Scanning the datasheet showed that the reverse engineered pinout was almost correct, and that the status code of 4 meant that readout protection was enabled, which explained why flash memory could not be read. Some other similar microcontrollers can be tricked into disabling this memory protection via a technique called voltage glitching. So, an Arduino sketch was written to provide glitches on the DEC2 pin that is tied to the core voltage rail, then attempt to read the firmware. After a short time of testing different voltage glitch patterns, this setup was able to successfully dump the firmware.

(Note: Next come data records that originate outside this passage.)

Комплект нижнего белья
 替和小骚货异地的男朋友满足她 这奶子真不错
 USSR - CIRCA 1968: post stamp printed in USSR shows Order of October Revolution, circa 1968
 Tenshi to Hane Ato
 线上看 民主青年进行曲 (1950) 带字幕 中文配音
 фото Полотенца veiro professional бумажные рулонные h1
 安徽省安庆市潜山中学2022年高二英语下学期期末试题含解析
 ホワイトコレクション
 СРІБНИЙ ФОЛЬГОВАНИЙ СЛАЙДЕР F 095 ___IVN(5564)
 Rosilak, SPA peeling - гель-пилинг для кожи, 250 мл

The raw machine code is extremely difficult to make any sense of, so it was fed into a decompilation tool that translated it into C++ code. The generated code is still challenging to make sense of, as things like meaningful variable names and comments are lost, but it is still far better than machine code.

Christophel did a deep dive into the code, and after a lot of analysis, and some trial and error with a HackRF One and a transmitting ESP32, a sequence of bytes was finally discovered that would trigger the MagicBand to respond. The response packet appeared to contain the wristband’s unique ID, the battery level, and a couple more unknown pieces of data.

This is as far as Christophel got with his research, so the Mouse’s secrets are mostly safe, at least for now. He has described his methods and released all of the source code he used along the way, so others can follow in his footsteps and perhaps go further.

The nRF31512 flash memory can only be written once, so if you had hoped to replace the firmware with your own custom version, you would be out of luck. Christophel suggests that if you have a spare MagicBand laying around, you could leverage it as a proximity sensor, however. By transmitting the magic number sequence to the device, and receiving a fixed response containing the device’s ID, one could assess the signal strength for this purpose. The real utility of a MagicBand outside of the parks is probably very limited though. But by following Christophel’s work, one could learn a lot about debugging and reverse engineering embedded hardware systems.